Rewriting $f(x) = 2x^3+7x^2-14x-40$ as the product of three linear factors

Question

I'm self-studying from Stroud & Booth's amazing "Engineering Mathematics" and I am stuck on factorizing a particular polynomial to a product of three linear factors. Through the trial-and-error method, I've gotten that the factors are $(x+2)$ and $(x+4)$ (although, it is my understanding that only quadratic polynomials are candidate for looking for multiple factors in this way, in case the factor isn't already given).

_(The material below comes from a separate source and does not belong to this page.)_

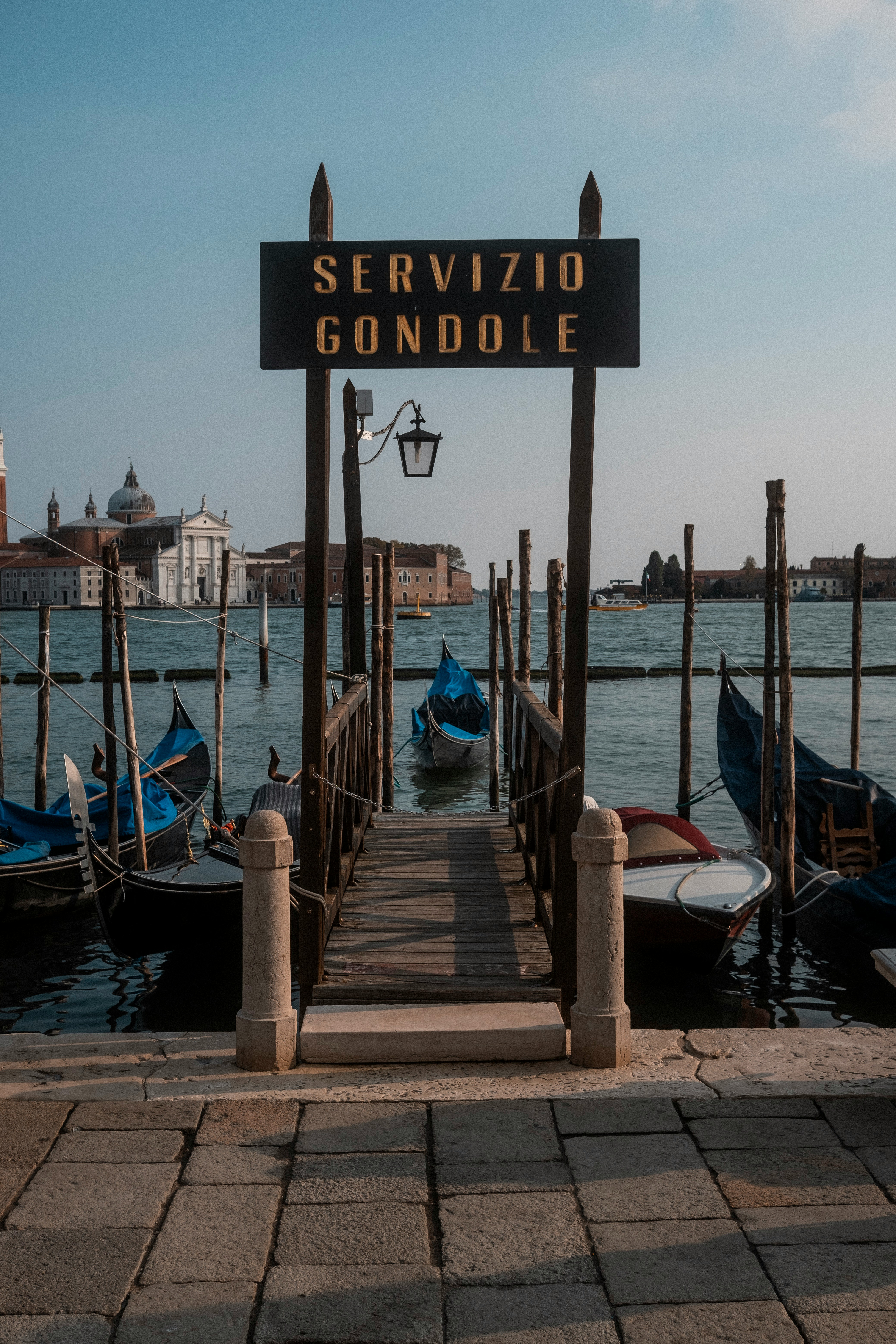Brygga för gondoltjänster i Venedig med flera gondoler, omgiven av vatten och historiska byggnader i bakgrunden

I've been banging my head against this, and gotten a different result every time, and the best I could come up with is: $$(x+1)(x+4)(2x+5).$$

It just seems that every time I try it out, a different result comes out.

Can anybody help me out or give me some pointers? Generally I have this down pretty well, but this particular one is doing my head in.

Answer 1

It's actually $$2x^3+7x^2-14x-40=(2x\color{red}-5)(x+\color{red}2)(x+4)$$

Once you've identified that $(x+2)$ and $(x+4)$ are factors, use the polynomial long division to obtain the last factor.

Answer 2

Observe that $$2x^3+7x^2-14x-40 = (x+4) (2x^2-x-10).$$

Can you proceed now?

Answer 3

A general way to find such a factorization for a polynomial $p(x)$ of third degree is:

1) Try to find "by hand" a root of the polynomial: let's call it $a$.

2) Since $a$ is a root, (x-a) divides your polynomial. Hence you can write it as $p(x)=(x-a)(ax^2+bx+c)$. Now all you have to do is finding the roots of the second degree polynomial we just found.